Prevention decreases the financial and family toll extracted by genetic disorders. Early identification and treatment supports both prognosis and patient outcomes. Oman, Saudi Arabia, the UAE, Jordan, Lebanon, Tunisia, Bahrain, Egypt and Qatar have developed national genetic screening initiatives for infants. The programs screen for a minimum of one and a maximum of 23 genetic disorders.
Screening of family members is also employed by the Arab nations’ public health initiatives. Consanguity and resulting clusters of genetic disorders in populations, increases awareness and education about genetic diseases. Genetic counseling and testing screening offered to couples before the conception of children is another tool used throughout the Arab world. Studies have shown that even when the risks are higher the large proportion of couples continue to marry and bare children. Genetic potential for disorders of the blood, such as hemoglobin disorders, may be identified in this manner. Rare disorders, such as those limited to a specific locale or family, demand clinical observation and research to accomplish treatment or cure.
Incidence of Congenital Malformations
According to the Gulf Cooperation Council – UAE, KSA, Oman, Bahrain, Qatar and Bahrain–congenital handicaps and malformations represent the second highest cause of infant death. In Saudi Arabia, approximately 30 percent of all perinatal deaths result from congenital malformations.
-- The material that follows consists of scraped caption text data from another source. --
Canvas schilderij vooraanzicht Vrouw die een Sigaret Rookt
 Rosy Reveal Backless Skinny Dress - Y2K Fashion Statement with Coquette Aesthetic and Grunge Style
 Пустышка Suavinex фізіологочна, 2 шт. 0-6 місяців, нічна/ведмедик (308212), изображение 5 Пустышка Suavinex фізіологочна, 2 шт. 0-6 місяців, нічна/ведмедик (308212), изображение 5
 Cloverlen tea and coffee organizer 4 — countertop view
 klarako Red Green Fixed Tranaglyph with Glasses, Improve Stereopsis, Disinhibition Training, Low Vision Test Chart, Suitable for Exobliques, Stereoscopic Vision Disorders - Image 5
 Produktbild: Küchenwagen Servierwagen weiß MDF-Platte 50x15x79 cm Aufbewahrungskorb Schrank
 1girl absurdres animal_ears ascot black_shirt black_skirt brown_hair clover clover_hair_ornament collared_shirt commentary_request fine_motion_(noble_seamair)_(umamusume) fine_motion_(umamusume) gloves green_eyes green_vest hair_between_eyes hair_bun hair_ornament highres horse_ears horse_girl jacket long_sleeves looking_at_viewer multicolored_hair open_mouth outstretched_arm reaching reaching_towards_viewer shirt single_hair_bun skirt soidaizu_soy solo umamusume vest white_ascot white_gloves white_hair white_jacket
Education, media and public awareness are key to change matters and to familiarize people with the multitude of initiatives across the region. Observation of both macro and micro-genetics is the first step towards collecting the hundreds of thousands of genetic variations to facilitate research and develop cures for gene-transmitted disorders. Initiatives such as the CAGS in the UAE are a major step forward. Further collection of data and studies are needed to increase the knowledge and to improve risk management.